If you care about places like Silicon Valley or New York, or if you care about social justice across (and within) generations, it's time to research and understand why housing is becoming increasingly unaffordable in the most dynamic areas of the world. It's not due to lack of land.
In California, we have a chance to fix things. SB-827 is a new bill that prevents local governments from banning density near public transit. It is the most radical housing bill in decades, because it rebalances zoning control from the local to the state level. It could result in 3 million new units being created in California, a state that builds <100k per year.
https://standupcalifornia.com (this is a website i set up to support this issue, which i see as the most important political issue for myself and my friends, and our ability to stay in our communities)
Since that's a marketing page for SB827, can someone explain to me how it doesn't ultimately create an incentive against public transit? All it would take to get around the zoning override would be to remove transit... I assume removing a bus stop (or even an entire route) is trivial. I could definitely foresee more homeowners blocking development of new routes/stations. With those considerations, it's possible we could end up with less transit, and the same amount of housing. I actually got banned in /r/california for asking about this
I'm afraid it may be one of those 'short term gain, long term consequence' type bills that CA has a history of cough prop 13. However, at least it's looking in the right direction, since the housing situation couldn't be much worse
What's interesting is that you can make a very libertarian argument for a lot of this stuff too: http://marketurbanism.com/ although that probably doesn't play quite as well in much California.
Still though, it's one issue where we all ought to be able to find some common ground and fix things.
If you care about the rest of the country you should ask why the fire hose of investment money is directed at SF and New York and not elsewhere. Instead of asking what's wrong with San Francisco. Why not ask what's wrong with the rest of the US?
Sure I can name a bunch of reasons why little housing is built in California, we can start with the Libertarian wet dream that is Prop 13. Prop 13 does two things, removes any incentive for muni's to approve new housing. And starves the government of funding to pay for public goods like schools and mass transit. The zoning restrictions Libertarians bitch about are partly the direct result of that.
Okay fine. But then still the question is, even if we admit California has issues, why is it that corporations which are totally free to locate elsewhere aren't doing so? You would think with a large cost differential corporations would move. Why not?
Because neoliberal conservative dominated governments in the rest of the US means that VC's, engineers, and mangers don't want to live in those places at all. So they and their companies are paying a large premium not to.
No workers don't want to work in 'right to work state'
They don't want to send their kids to schools that teach creationism and abstinence only sex education.
They don't want to live in communities with bad family planning.

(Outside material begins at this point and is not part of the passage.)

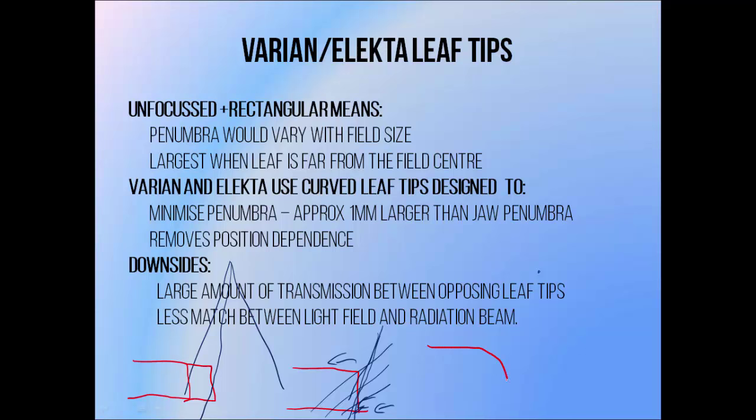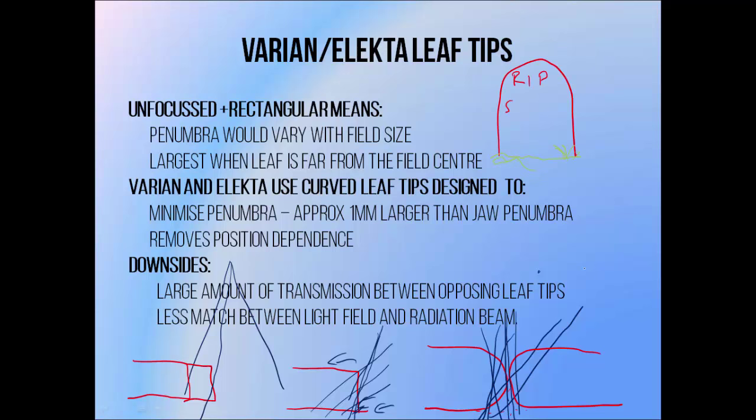In order to avoid this problem, Varian and Elekta linacs both use a rounded leaf tip. This means that no matter the angle at which radiation hits it, it will pass through the same thickness of leaf before it leaves. This reduces the dependence of penumbra size on leaf position and also helps to minimize the size of the penumbra, since rounded leaves have no corners, making it more difficult for the beam to take short paths through the tip. Photons that would normally have formed part of the penumbra simply pass through and become part of the useful beam, allowing us to produce a penumbra that's only around 1mm larger than if we used a focused leaf tip. The downside is that the rounded shape allows quite a bit of radiation to pass between opposing leaf tips, and it also makes the match between the linac light field and radiation field less straightforward. These problems could be avoided altogether if we used a double-focused MLC, which used to be offered by Siemens, but their line of linear accelerators has since been discontinued.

I'd suggest that you research why it's necessary for companies to cram so much demand for housing in a few areas.
It's seems absurd in this day and age that we're still concentrating business to such an extent in places like the NY Metro Area and the Bay Area. IBM in the olden times leveraged locating facilities in nowheresville as a competitive advantage. I'm surprised it isn't catching on now that engineers are being so highly compensated.
Transit-oriented development is great but not quite radical enough. It’s usually focused at rail nodes and if you take Oakland, as an example, you would barely move the needle on housing supply. One problem is that there is already some dense housing around these, and other nodes, in the Bay Area. The other is that these locations can only accommodate so much of the area’s housing supply. To address the housing crunch, there needs to be ubiquitous up-zoning of any — no EVERY — parcel, in any zoning category — by right. What that means is if you own a burger stand by the lake (using Oakland as an example again) and that burger stand is a one-story building with a big lot out front that is 90-percent empty virtually 100% of the time (if my memory serves me correctly) and you want to sell your lot to me and I can justify 50 units based on precedent of adjacency alone, then I should be able to supply those 50 dwelling units (60 with an affordable density bonus, 150 with a high rise even) and not have to litigate the local NIMBYISM for 5 years to do it. The cost of land in Oakland (my example again) is not that high on a per-unit, land basis cost. The issue is that people will come out of the woodwork (read: other parts of the Bay) to fight you and then the cost to litigate, the time value of money and the entitlement fees kill the desire to even start a project. If you could up-zone every single family lot to 3-flats, you could dramatically increase supply. Hell, you can focus on just one and two-story neighborhood commercial and rapidly decrease price pressure. And SV is not approaching $1500/sf without all the barriers to redevelopment of underutilized land (parking lots or otherwise).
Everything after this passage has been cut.